BC Hydro, a state-owned electric utility provider in the Canadian province of British Columbia, has paused new electricity connection requests from cryptocurrency miners for 18 months “to support the province’s climate action and economic goals.”

“Cryptocurrency mining consumes massive amounts of electricity to run and cool banks of high-powered computers 24/7/365, while creating very few jobs in the local economy,” Minister of Energy, Mines and Low Carbon Innovation Josie Osborne said in a media release Wednesday.

The suspension would target cryptocurrency miners who have yet to connect to the grid and those that were in the early stages of getting hooked up.

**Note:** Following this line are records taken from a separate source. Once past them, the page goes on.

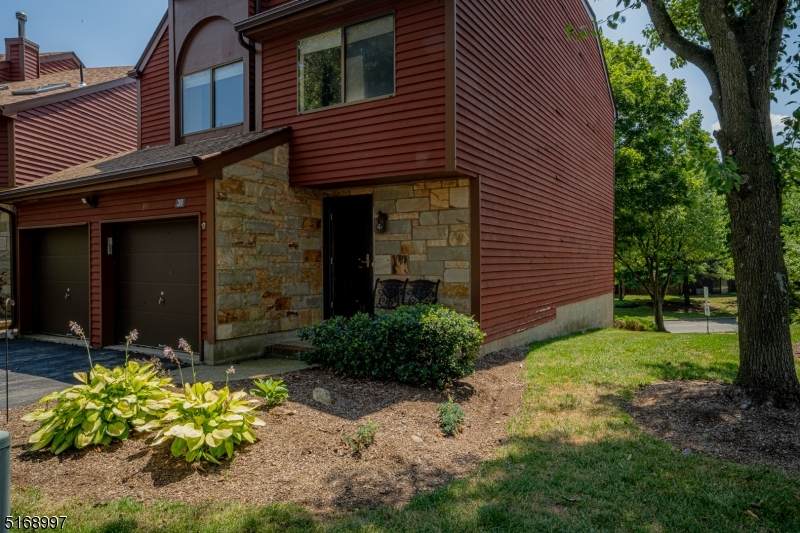 39 Hickory Hill Ct - Photo 1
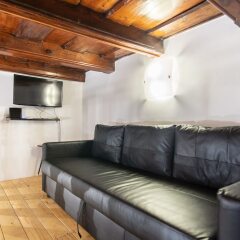 Отель Lovely Apartment on Mala Strana just 10 mins walk to scenic places Чехия, Прага - отзывы, цены и фото номеров - забронировать отель Lovely Apartment on Mala Strana just 10 mins walk to scenic places онлайн фото 14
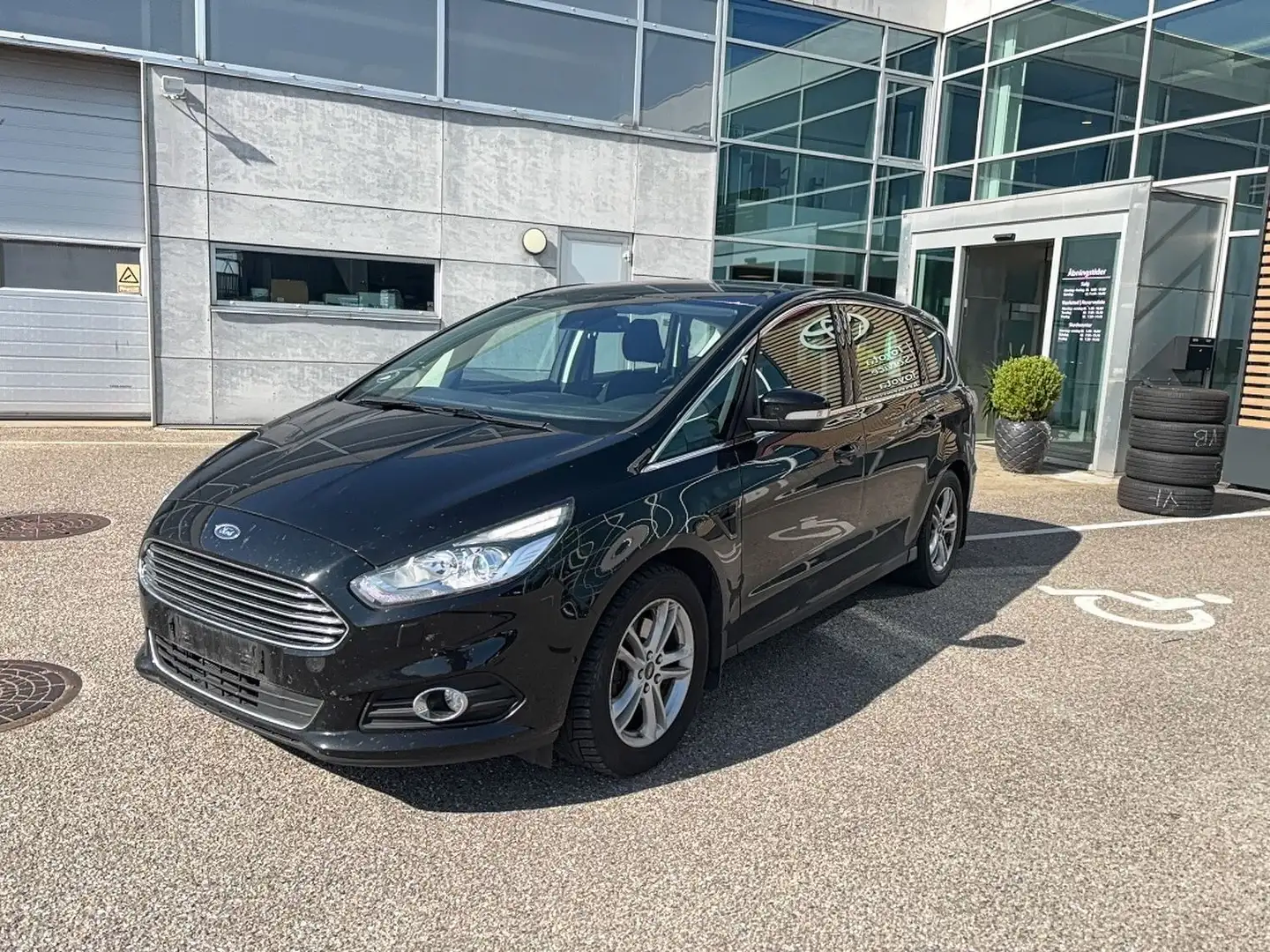 Ford S-Max S-MAX 2.0TDCI Titanium/AUT./KEY-GO/SHZ/NAVI/EUR6 Schwarz - 2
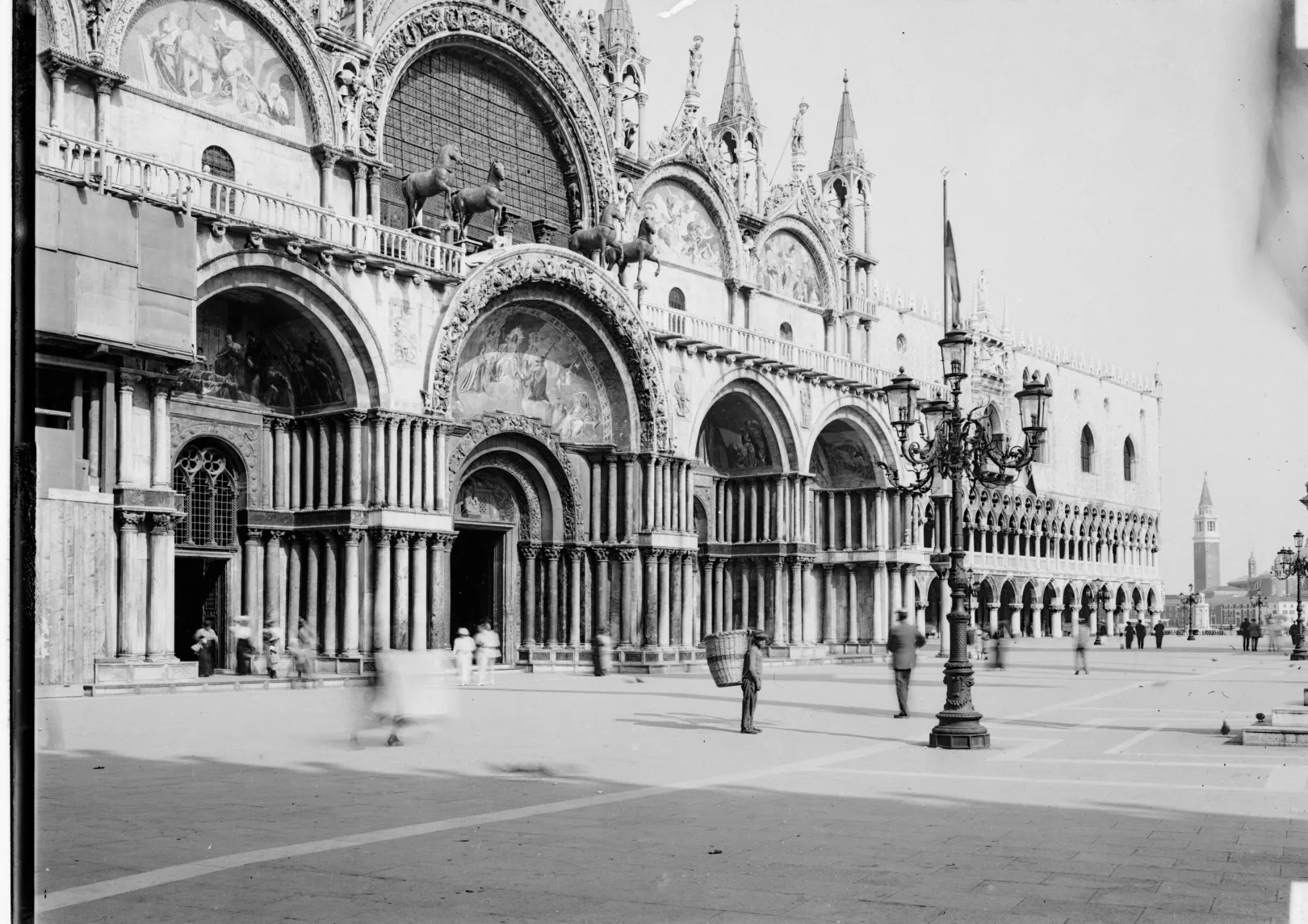Venezia. San Marco templom homlokzata, Itália, 1914.VII.2 – Fotó: Cholnoky Jenő Fényképtár / Cholnoky Jenő Hagyaték / Cholnoky Jenő Földrajzi Társaság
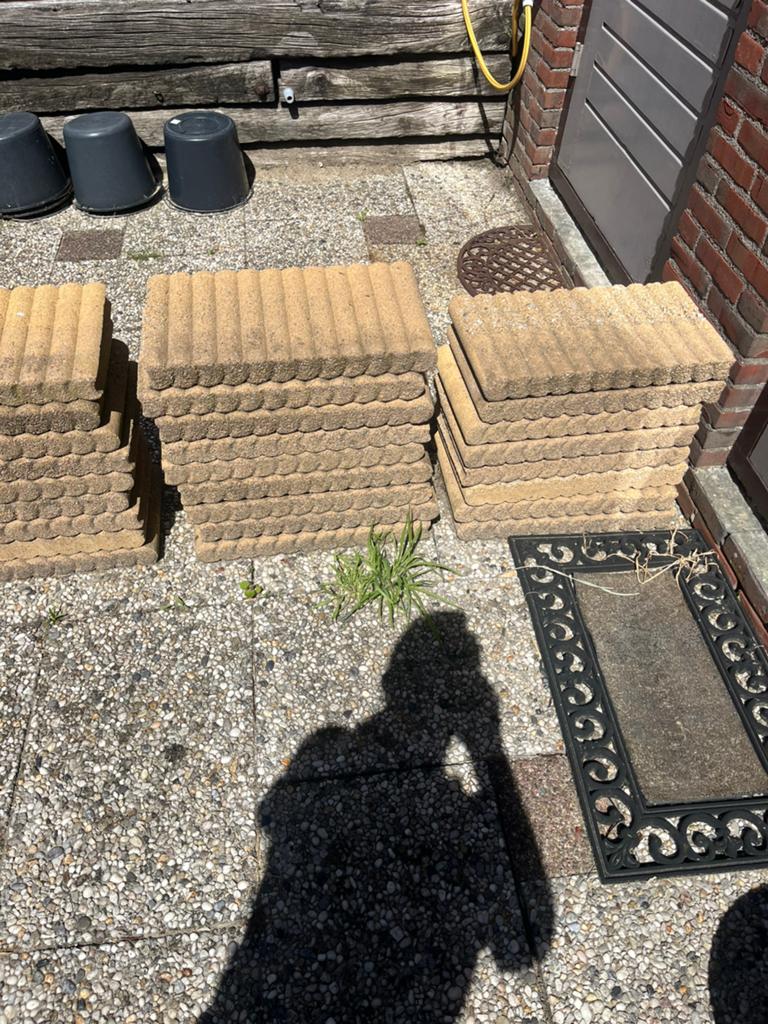 33 Pallisade rondoband tegels 51x25cm, Ophalen, Zo goed als nieuw, Beton, Terrastegels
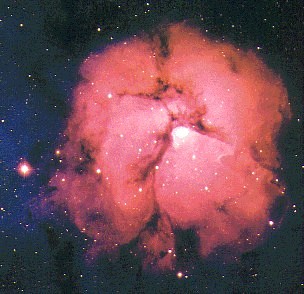 M20 (Messier 20, NGC 6514, Mgławica Trójlistna Koniczyna)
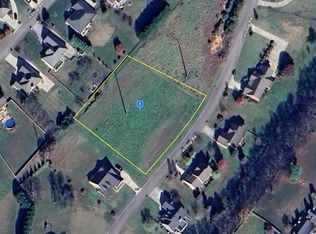 171 Hilltop Dr, Lenoir City, TN 37772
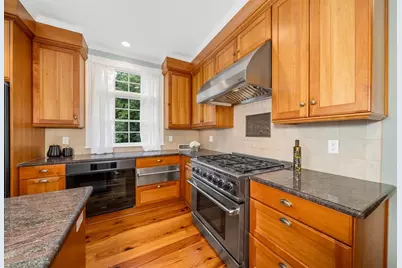 49 Abbot St, Andover, MA 01810 - Photo 11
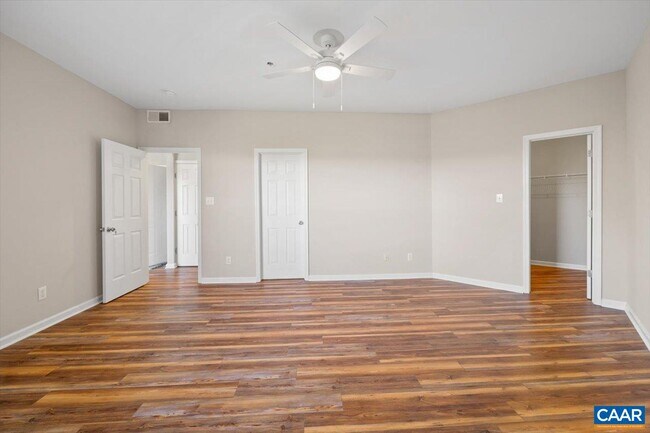 Building Photo - 270 Riverbend Dr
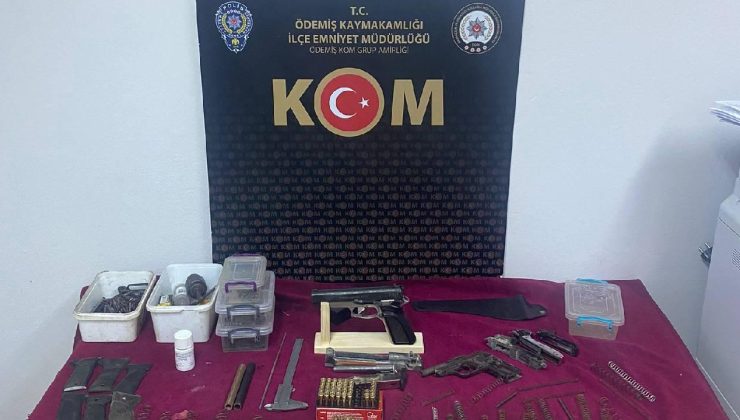 İzmir’de kurusıkı tabancaların namlularını açıp satan şüpheli yakalandı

Existing Bitcoin mining operators and those who are “well advanced in the BC Hydro’s connection process” would not be affected.

Environmentalists have criticized Bitcoin for its energy expenditures, with many comparing the network’s consumption to that of entire countries.

The Bitcoin network relies on the Proof-of-Work (PoW) consensus algorithm, which requires plenty of energy as Bitcoin miners compete to crack cryptographic puzzles and keep the blockchain secure while earning rewards for their efforts.

Enough energy to power 570,000 homes

According to the Canada Energy Regulator, about 87% of British Columbia’s electricity is generated by hydropower, which has attracted “unprecedented interest” from crypto miners, according to the province’s government.

The ministry said BC Hydro is currently serving seven crypto-mining operations and has six in the advanced stages of connection, totaling 273 megawatts of power.

Additionally, the province is facing requests from 21 projects with a projected power usage of 1,403 megawatts—enough energy to power 570,000 homes or 2.1 million electric vehicles for a year. All of these requests will now be suspended.

The decision follows a similar move by the province of Manitoba last month in response to concerns that cryptocurrency operations have a high environmental toll by pulling in massive amounts of electricity with little economic payoff.

Hydro-Quebec looks to follow the same avenue, too, asking the provincial regulator at the beginning of November to suspend the energy allocation process to cryptocurrency miners.